Si l’on commençait, nous dit-elle en substance, à faire entrer les apocopes dans notre Dictionnaire, on n’en finirait plus. La géo pour la géographie, un hebdo pour un hebdomadaire pendant qu’on y était ! Quiconque verrait le mot récré dans un texte comprendrait sans mal qu’il s’agissait de l’apocope de récréation, inutile de lui conférer en prime d’inutiles lettres de créance.

Une discussion passionnée s’ensuivit entre les tenants et les adversaires de récré. Certaines apocopes avaient acquis leurs lettres de noblesse, certes, ou leur parfaite autonomie.

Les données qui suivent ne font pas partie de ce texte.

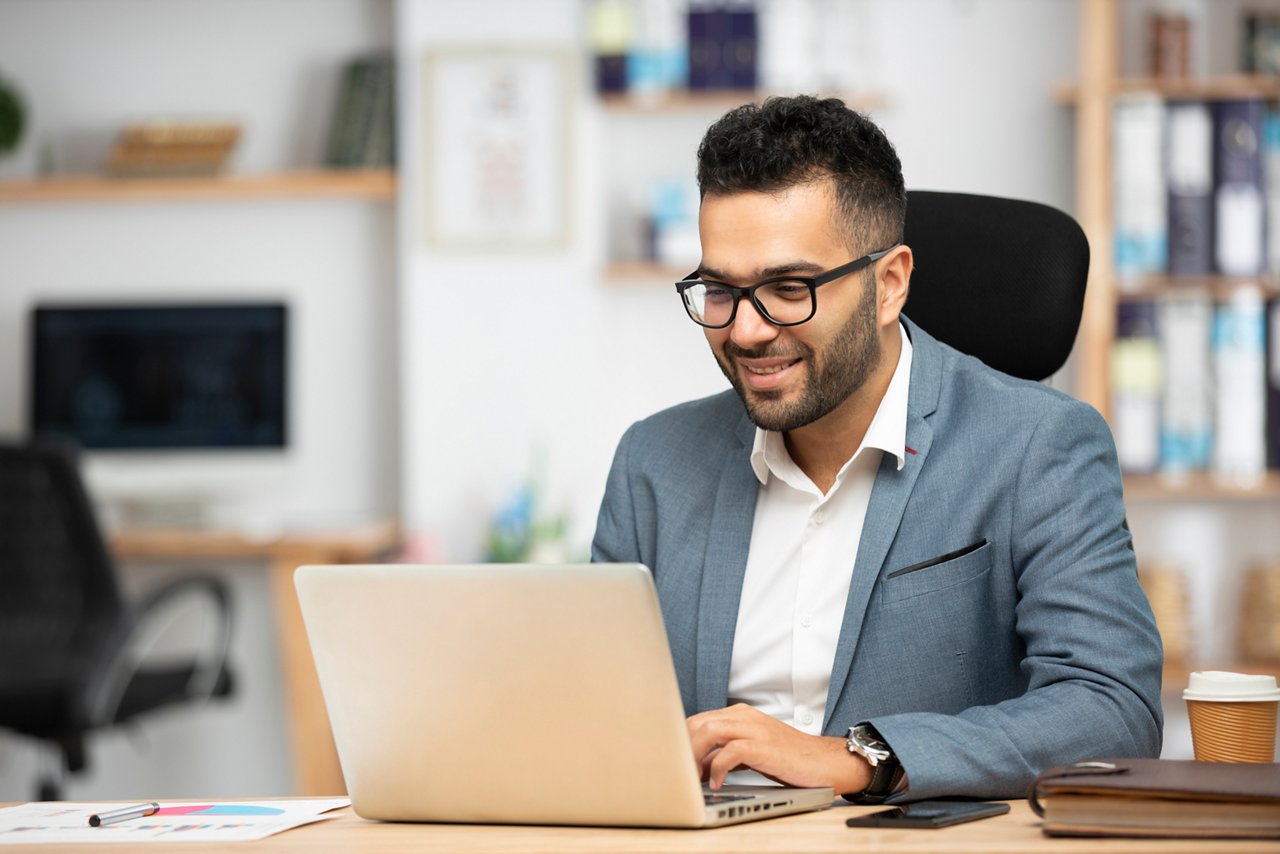 A bearded man wearing a suit is seen typing on his laptop at an office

Le cinéma, le métro ou le vélo. Qui parle encore de cinématographe, de métropolitain (voire de chemin de fer métropolitain) ou de vélocipède ? Mais récré était-il d’un usage courant ou quasiment autonome ? Non.

Au bout d’une demi-heure, il fallut trancher par un vote. Jacqueline de Romilly l’emporta, qui avait rallié à sa cause une majorité des présents. La récré n’allait pas figurer dans la neuvième édition de notre Dictionnaire.

J’étais ébahi. Mes nouveaux confrères, un Prix Nobel de biologie-médecine, des professeurs au Collège de France, des anciens ministres, des romanciers, philosophes et autres historiens de renom, pouvaient ainsi consacrer plus d’une demi-heure de leur temps à se disputer, avec autant d’énergie que de courtoisie, à propos d’un simple mot et d’une figure de rhétorique ! Où diable me trouvais-je ?

La réponse s’imposait : dans un refuge de haute civilisation. Je sais gré à Jacqueline de Romilly et au mot « apocope » de me l’avoir révélé ce jour-là.